The International Finance Corporation (IFC), a member of the World Bank Group, has partnered with the Central Bank of Nigeria (CBN) to enhance local currency financing, aiming to unlock over $1 billion in investments across critical sectors of the Nigerian economy.
This agreement was announced in a joint press statement on Monday.
The pact, signed by IFC Managing Director Makhtar Diop and CBN Governor Yemi Cardoso, will enable naira-based financing in sectors including agriculture, infrastructure, housing, energy, small and medium enterprises, and the youth and creative industries.
“IFC and the Central Bank of Nigeria have signed an agreement to increase local currency financing to enable private businesses in Nigeria to grow and thrive. The partnership will allow IFC to manage currency risks and increase its investment in Nigerian naira across priority sectors of the economy,” the statement read.
IFC aims to significantly scale up its financing of vital sectors in Nigeria, targeting to provide over $1 billion in the coming years. Many of these sectors require local currency financing, making the IFC’s partnership with the CBN crucial for expanding access.
“Expanding access to affordable local currency financing for small businesses in Nigeria is essential for IFC to address the increasing demand for diverse funding options and to better manage currency risk,” Makhtar Diop, IFC Managing Director, said.

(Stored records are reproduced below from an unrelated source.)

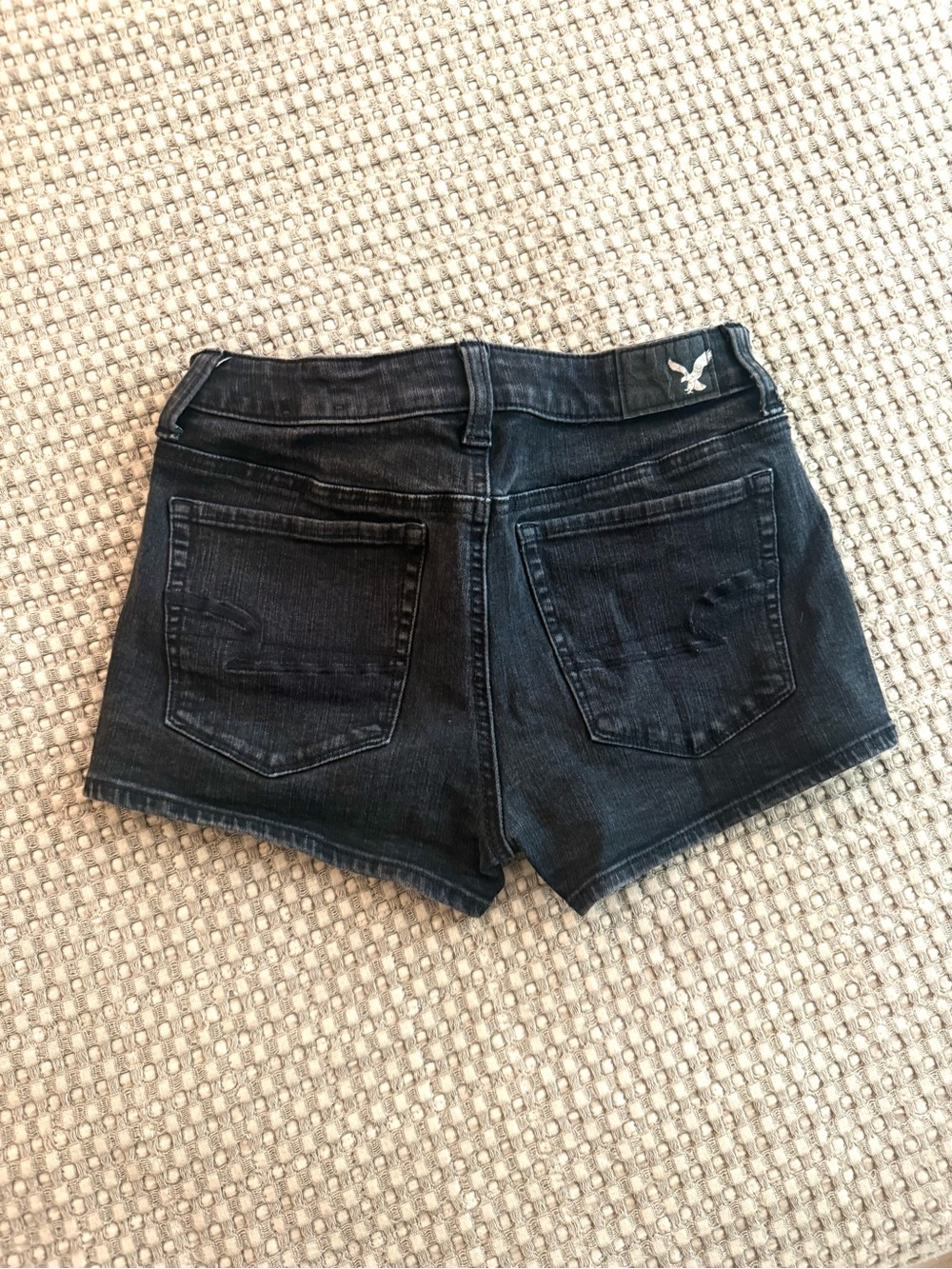 American Eagle Black Denim Hi-Rise Shortie Size 2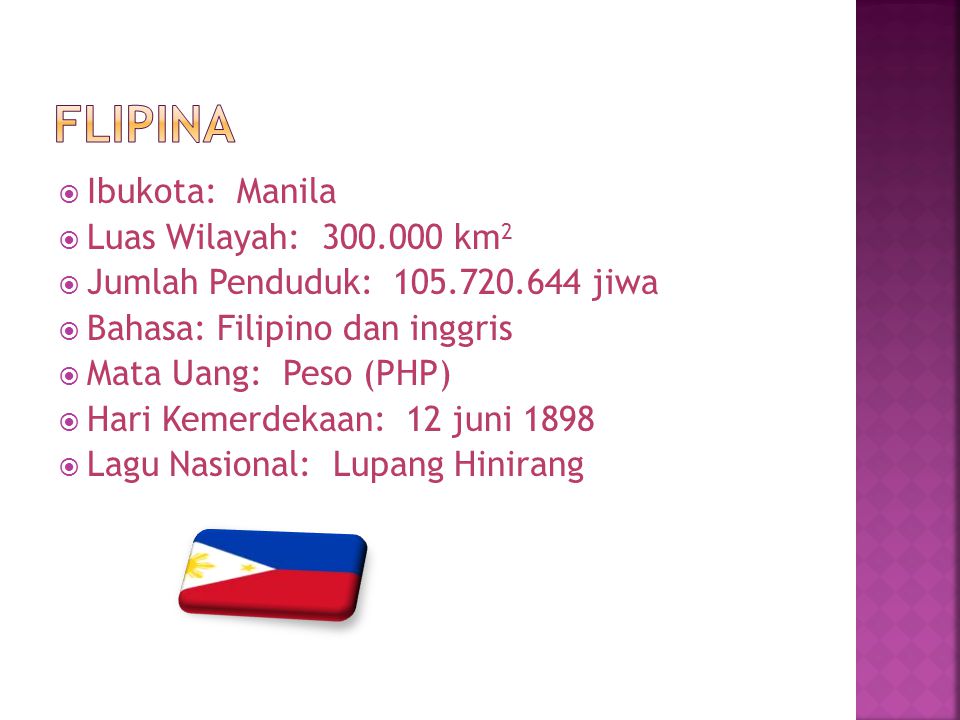 Flipina Ibukota: Manila Luas Wilayah: km2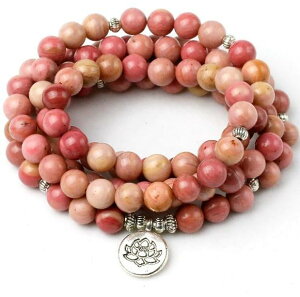 数珠 メンズ レディース 瑪瑙 メノウ パワーストーン お守り ラッキーアイテム 108玉 8mm 蓮 ハス OM 仏様 アイモチーフ ブレスレット ネックレス ペンダント(x2)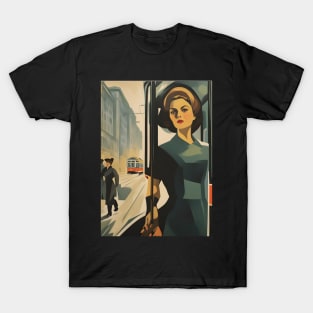 A Woman and a Tram 008 -Soviet realism - Trams are Awesome! T-Shirt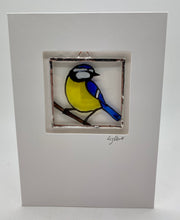 Load image into Gallery viewer, Liz dart stained glass bluetit greeting card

Diop reaffirmed the IFC’s dedication to promoting economic growth, stating, “Our partnership with the Central Bank of Nigeria will enhance lending in Nigerian naira, fostering economic growth and creating jobs across the country.”
CBN Governor, Yemi Cardoso noted that the initiative between the IFC and CBN will unlock much-needed long-term local currency financing for private businesses in Nigeria at economically viable rates.
“This collaboration marks significant progress in the CBN’s commitment to delivering innovative development initiatives through reputable third-party service providers, moving beyond traditional intervention programs. It will serve as a catalyst for economic growth and advance the Federal Government’s agenda for economic diversification,” Cardoso said.
“With an active portfolio of investments in Nigeria of up to $2.13 billion—the second highest in Africa—local currency financing is a key priority for IFC. IFC will continue to leverage innovative financial instruments and strengthen partnerships to meet the growing demand for more local currency financing in emerging markets.”
This strategic partnership is poised to bolster Nigeria’s economic landscape, providing essential support for businesses and promoting sustainable growth in a challenging economic environment. As the nation seeks to diversify its economy and enhance financial inclusion, the collaboration between the IFC and CBN marks a significant step forward in fostering a resilient and dynamic marketplace.